[[ THE INPUT open ]]

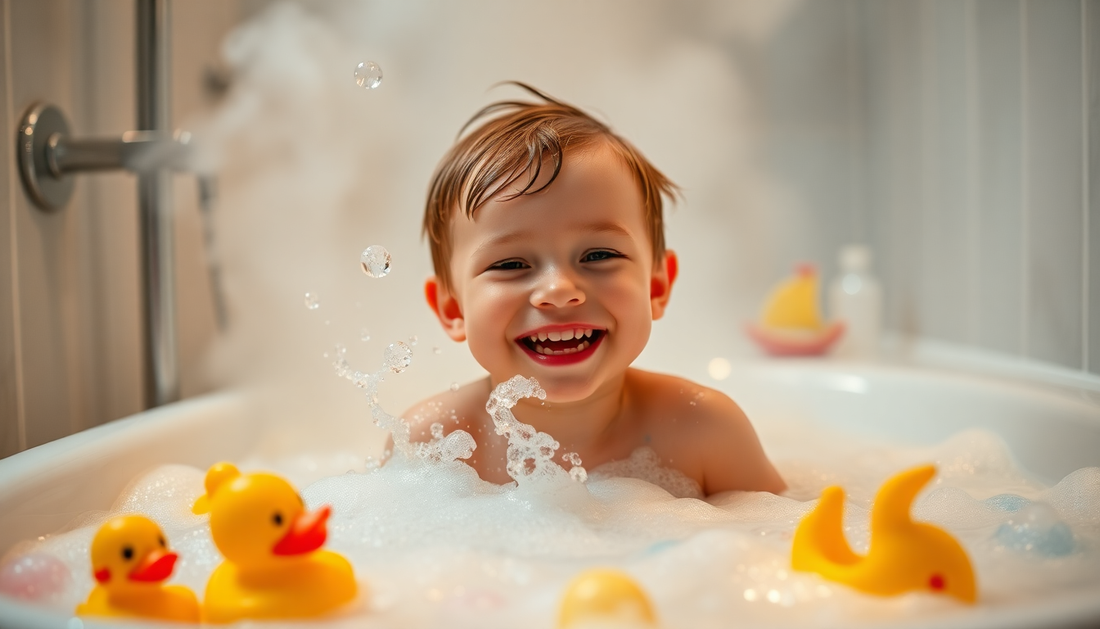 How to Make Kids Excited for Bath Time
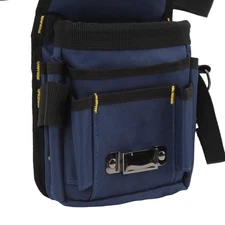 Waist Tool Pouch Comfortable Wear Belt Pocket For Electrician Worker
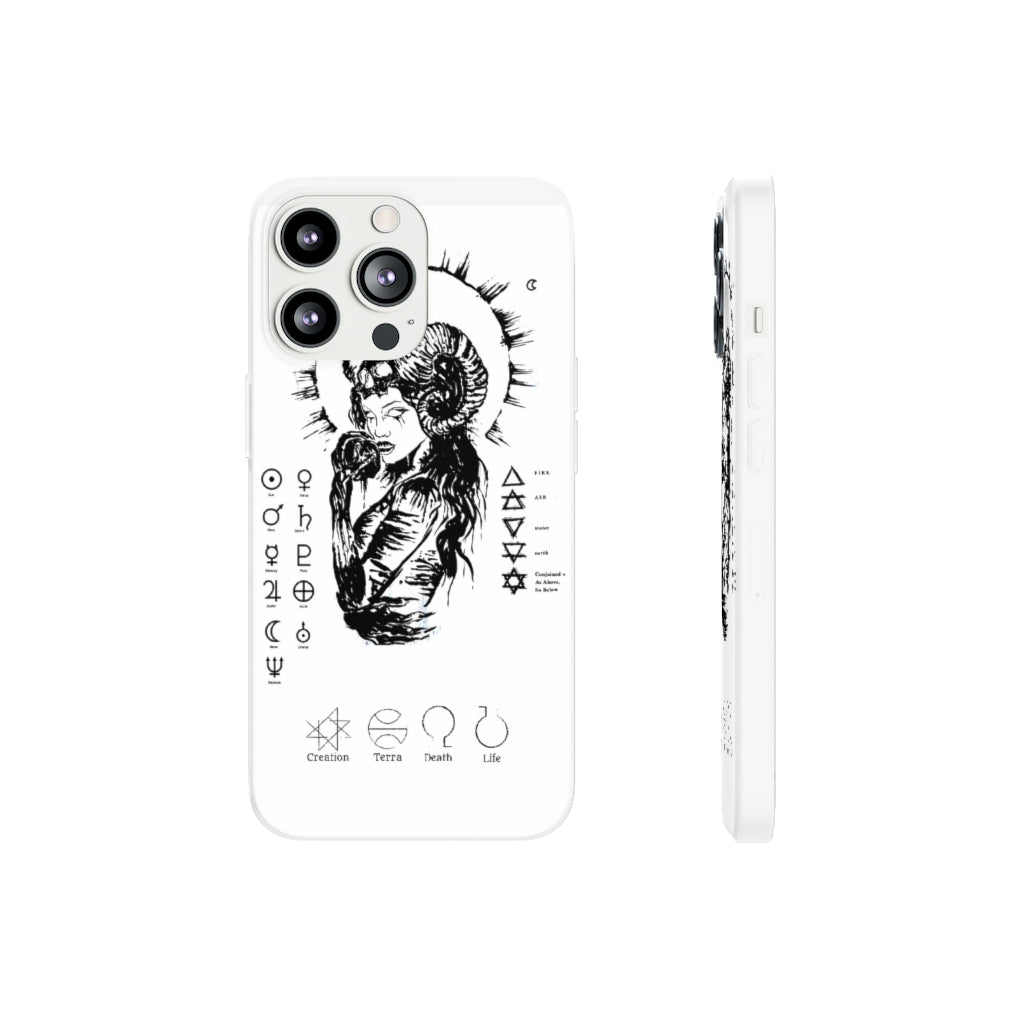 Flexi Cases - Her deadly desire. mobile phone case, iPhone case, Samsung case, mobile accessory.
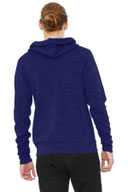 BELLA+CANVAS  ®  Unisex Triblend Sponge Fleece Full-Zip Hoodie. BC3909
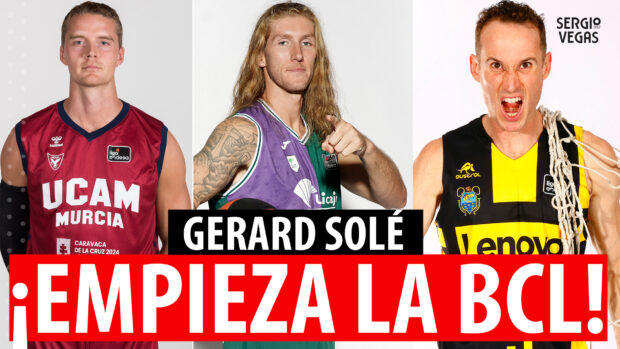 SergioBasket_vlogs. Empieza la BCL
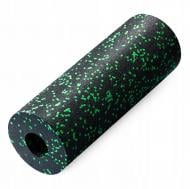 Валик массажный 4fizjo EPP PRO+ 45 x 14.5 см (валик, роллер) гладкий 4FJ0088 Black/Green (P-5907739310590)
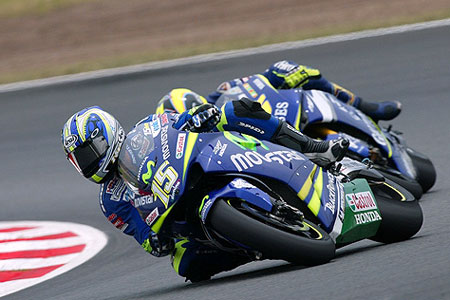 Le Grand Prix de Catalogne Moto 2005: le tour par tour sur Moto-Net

[[ THE INPUT closed ]]
[[ THE INPUT open ]]

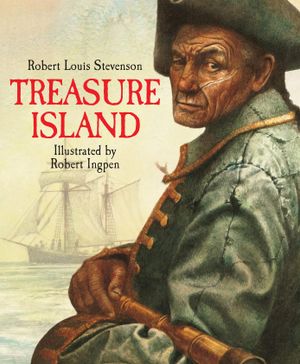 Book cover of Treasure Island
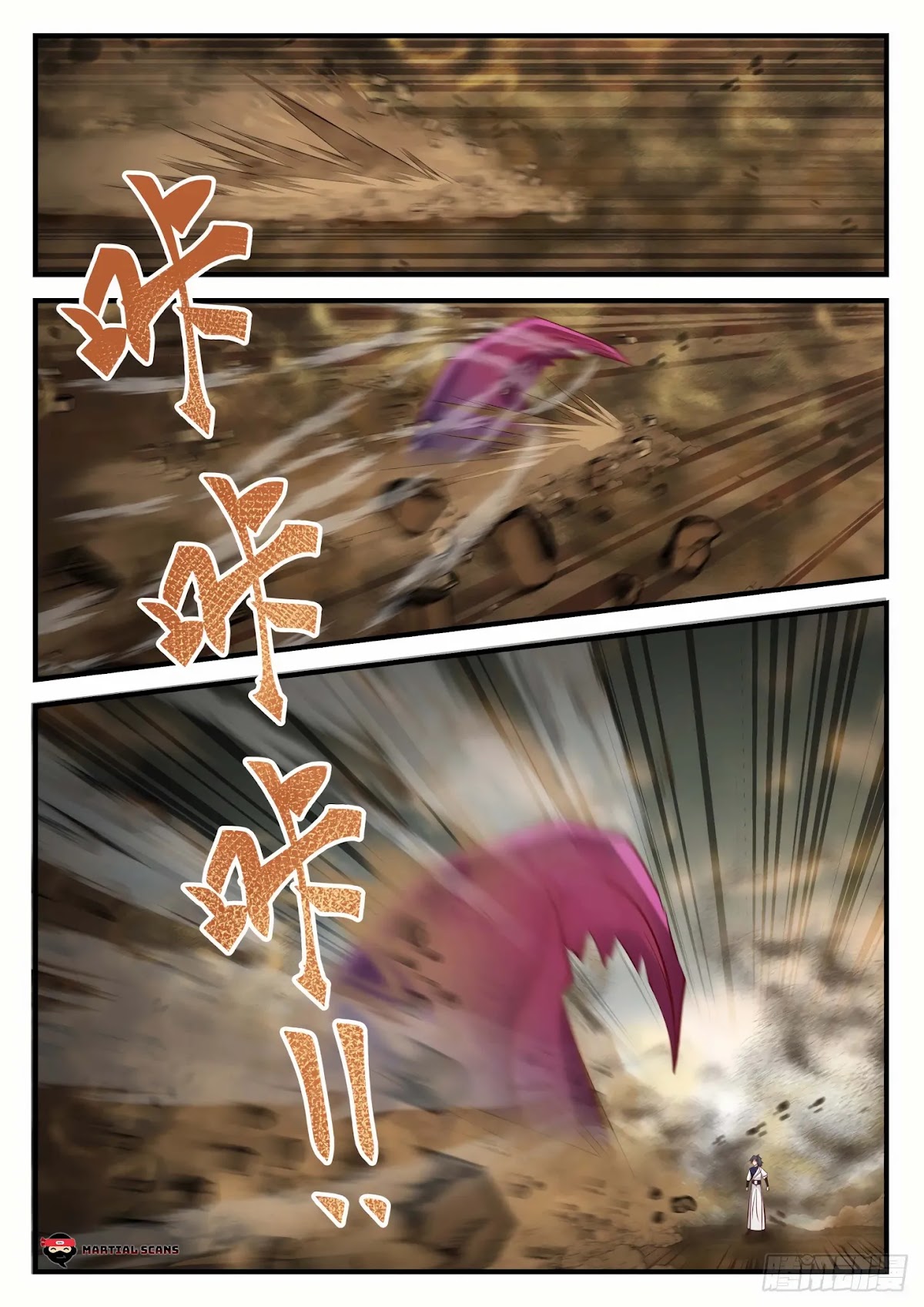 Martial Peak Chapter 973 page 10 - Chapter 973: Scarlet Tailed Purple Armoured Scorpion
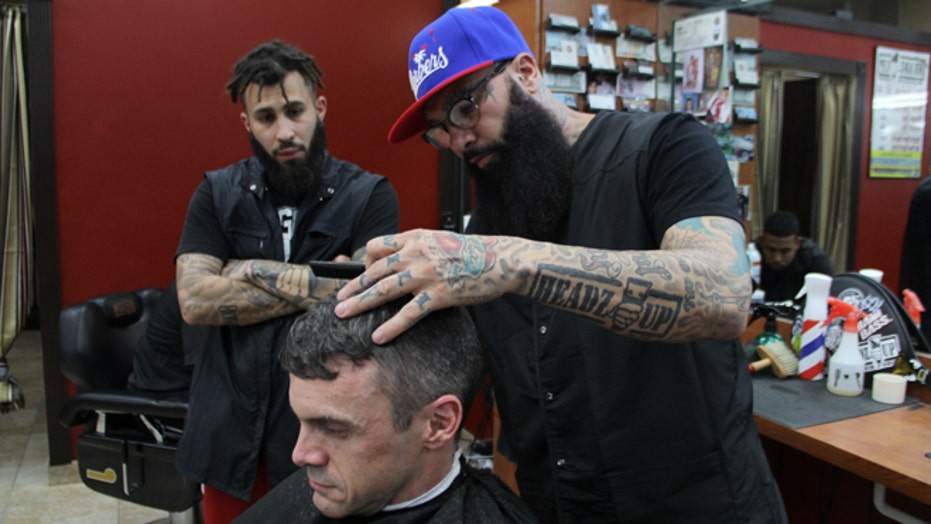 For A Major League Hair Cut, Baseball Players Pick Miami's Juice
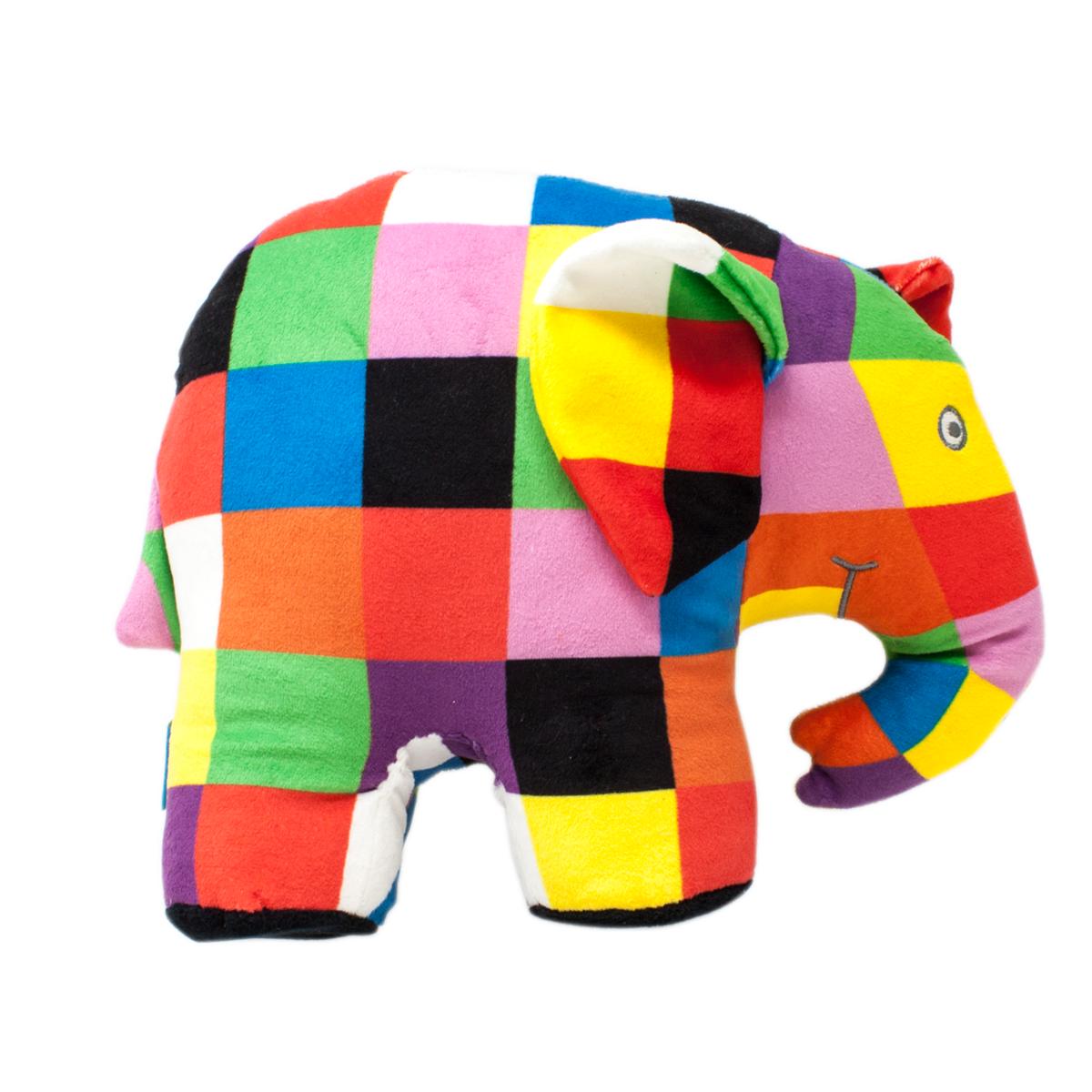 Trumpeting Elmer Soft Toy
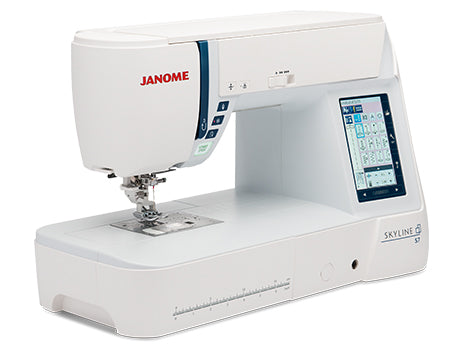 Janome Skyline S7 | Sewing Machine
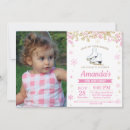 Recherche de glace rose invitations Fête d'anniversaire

[[ THE INPUT closed ]]
[[ THE INPUT open ]]

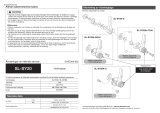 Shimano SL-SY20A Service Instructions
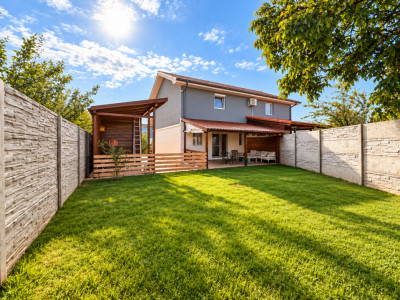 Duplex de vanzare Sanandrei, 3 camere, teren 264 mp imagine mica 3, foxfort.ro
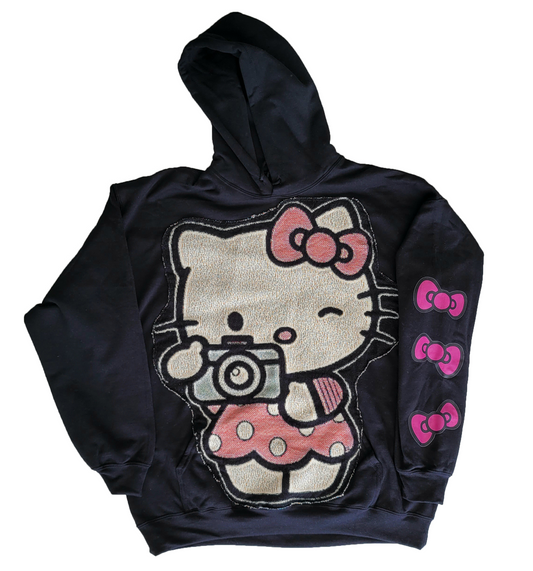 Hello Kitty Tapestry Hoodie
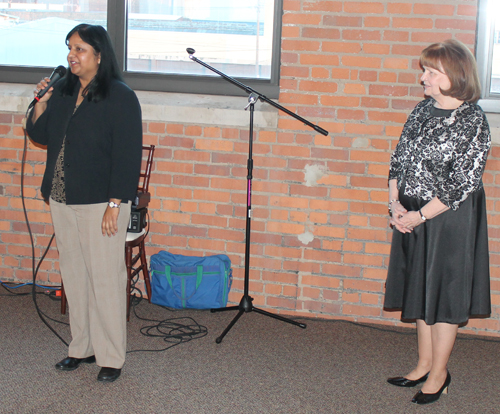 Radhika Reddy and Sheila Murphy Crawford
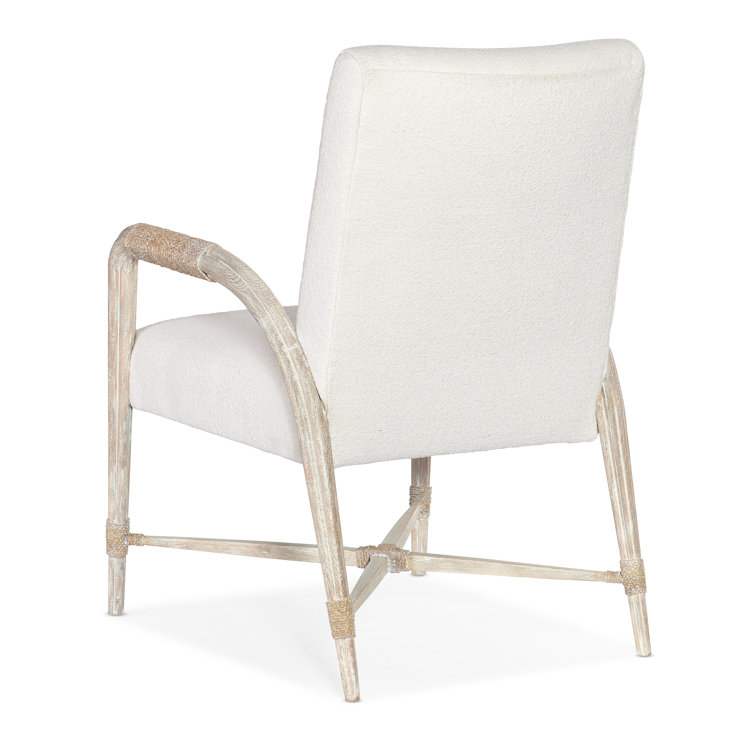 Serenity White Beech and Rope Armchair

[[ THE INPUT closed ]]

> _TASK STATEMENT_
Only one stretch of the data is wanted: write out exactly the lines from the one holding "Flexi Cases - Her" through the one holding "Валик массажный 4fizjo", both included, without the pictures.

> _ANSWER SECTION_
 Flexi Cases - Her deadly desire. mobile phone case, iPhone case, Samsung case, mobile accessory.
 BELLA+CANVAS  ®  Unisex Triblend Sponge Fleece Full-Zip Hoodie. BC3909
 SergioBasket_vlogs. Empieza la BCL
 Валик массажный 4fizjo EPP PRO+ 45 x 14.5 см (валик, роллер) гладкий 4FJ0088 Black/Green (P-5907739310590)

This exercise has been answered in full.